Sunday 10 September 2017

Al-Quds University Human Rights Clinic

The Al-Quds University Human Rights Clinic


The Al-Quds University Human Rights Clinic, based in the Muslim Quarter of Old City in Jerusalem, exists to provide pro bono legal advice to Palestinian Jersualemites who face, amongst much else, housing and residency policies designed to discriminate against and alter the Palestinian population of Jerusalem. The purpose for these policies is to create a Palestinian minority to never exceed 40% of the city’s population, and a Jewish majority to never fall beneath 60% of the city’s population.

The two most overt and calculating tactics used by the Israeli authorities to establish these
demographic designs are, firstly, to remove housing options for Palestinians through the use of mass eviction, home demolition, purposefully inadequate construction of livable property, institutional discrimination against building permits for Palestinian applicants, and a slew of legislation with the explicit intent to deny Palestinians access to housing in Jerusalem, thus forcing them to leave the city. The second method involves a systematic and coordinated attack on the residency status of Palestinians through complex policies that impose strict conditions on Palestinians who must constantly meet draconian requirements to preserve the right to work and abide in Jerusalem, with the slightest infringement making them vulnerable to having their permanent residency status revoked and being stripped of even the token legal protection residency status affords.

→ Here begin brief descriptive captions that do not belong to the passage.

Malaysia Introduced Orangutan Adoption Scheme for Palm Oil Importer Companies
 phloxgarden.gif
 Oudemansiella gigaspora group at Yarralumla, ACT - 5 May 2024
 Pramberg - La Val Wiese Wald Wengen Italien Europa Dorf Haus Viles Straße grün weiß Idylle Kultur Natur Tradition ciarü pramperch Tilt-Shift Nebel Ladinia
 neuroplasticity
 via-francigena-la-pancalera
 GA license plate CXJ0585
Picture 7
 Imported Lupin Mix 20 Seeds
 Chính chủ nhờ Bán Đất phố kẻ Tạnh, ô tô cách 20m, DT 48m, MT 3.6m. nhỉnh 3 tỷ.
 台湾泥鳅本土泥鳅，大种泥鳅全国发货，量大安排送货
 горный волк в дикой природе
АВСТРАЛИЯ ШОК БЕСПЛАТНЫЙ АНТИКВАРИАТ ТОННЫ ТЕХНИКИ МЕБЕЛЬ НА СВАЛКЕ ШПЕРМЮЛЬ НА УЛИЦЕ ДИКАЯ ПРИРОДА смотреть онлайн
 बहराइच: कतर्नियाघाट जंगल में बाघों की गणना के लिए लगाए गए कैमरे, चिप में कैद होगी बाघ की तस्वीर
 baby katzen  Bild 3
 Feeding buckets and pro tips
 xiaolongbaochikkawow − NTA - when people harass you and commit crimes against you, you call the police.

The intent of the Israeli authorities to deliberately control the demographics of Jerusalem is a very explicit and transparent objective, with the Israeli government website unapologetically detailing both the design and objectives of their discriminatory policies in the publicly accessible “Israel 2020: Master Plan for Israel in the 21st Century” which emphatically describes Palestinian land and people as “poor”, “empty” and “eligible for conquering”.

An example of the policies employed by the Israeli government to engineer shifts in the population is the Center of Life Policy, which demands Palestinians intensively demonstrate to the authorities that their working, family and personal life necessitate legal residency in the city. The standards set to demonstrate viability for residency are sufficiently obstinate that Palestinians must orient their lives around satisfying unreasonable criteria to prove residency, for example being unable to leave the city territory for longer than six months else be susceptible to having residency status revoked and property claimed by settlers. Since the annexation of East Jerusalem in 1967 more than 14,500 Palestinians have had their residency status revoked. This reduction in the Palestinian population coincided with an increase in the Jewish population caused by the policy of universal citizenship offered to all Jews from abroad.
Another factor facilitating the expulsion of Palestinians and the immigration of Jews is the authorities legal support for descendents of Jews who fled Jerusalem after 1948 to reclaim abandoned property, despite the habitation of Palestinians having resided in these properties for more than half a century. While a legal argument does exist supporting the challenge that the property rightfully belongs to those forced to flee as refugees, this concern for property rights does not extend to the hundreds of thousands of displaced Palestinians who also have been forced to flee because of conflict, instability and persecution. This double standard shows clearly the design of social engineering motivating the judicial apartheid between Jewish Israelis and Palestinians.

Favouritism and categorical discrimination in the areas of planning permission, construction of housing and the allocation of municipal funds further illustrate the disparity in the attitudes of the authorities in their treatment of Jewish Israelis and Palestinians. Between the divided East and West Jerusalem, the vast majority of building violations occurred in the western part of the city at 78.4% compared to 21.5% in the eastern section. Yet only 27% of buildings in West Jerusalem were subject to demolition orders compared to 84% in East Jerusalem. These disparities continue in how Jerusalem’s municipal expenditure disproportionately allocates funds between the Jewish Israeli and Palestinian populations, with almost 90% of funds going to Jewish Israeli population which accounts for 63% of the population, and approximately 10% on the Palestinian population which accounts for 37% of Jerusalem’s inhabitants. Permission to build homes shows a continuation of this state-sanctioned unequal treatment, as 93% of housing permits were issued to Jewish Israelis and only 7% to Palestinians, the latter of which is in need of an additional 43,000 housing units which could rise significantly in the future as 60,000 Palestinians are at risk of having their homes demolished.

Underlying all this is the Wall of Separation built in 2002 which divides the majority Palestinian East Jerusalem from the West Bank, thereby dividing families and communities as well as severely complicating transport and access between the two areas by the construction of an impenetrable concrete wall, guarded by high watchtowers which may openly fire upon Palestinians, and accessible to Palestinians only through heavily militarized and inhumane checkpoints. And access is only granted to those who hold a Blue I.D. card, one of two possible colours assigned to Palestinians, the other being Green which prohibits movement across the Jerusalem checkpoints. All those separated from each other have no knowledge of when they may be reunited with their loved ones.

Thus there is an urgent need for the legal empowerment of Palestinians to enable their already disadvantaged position the capacity to navigate a judicial system with the uncompromising and undisputed aim of forcing them from their homes and tearing apart their communities.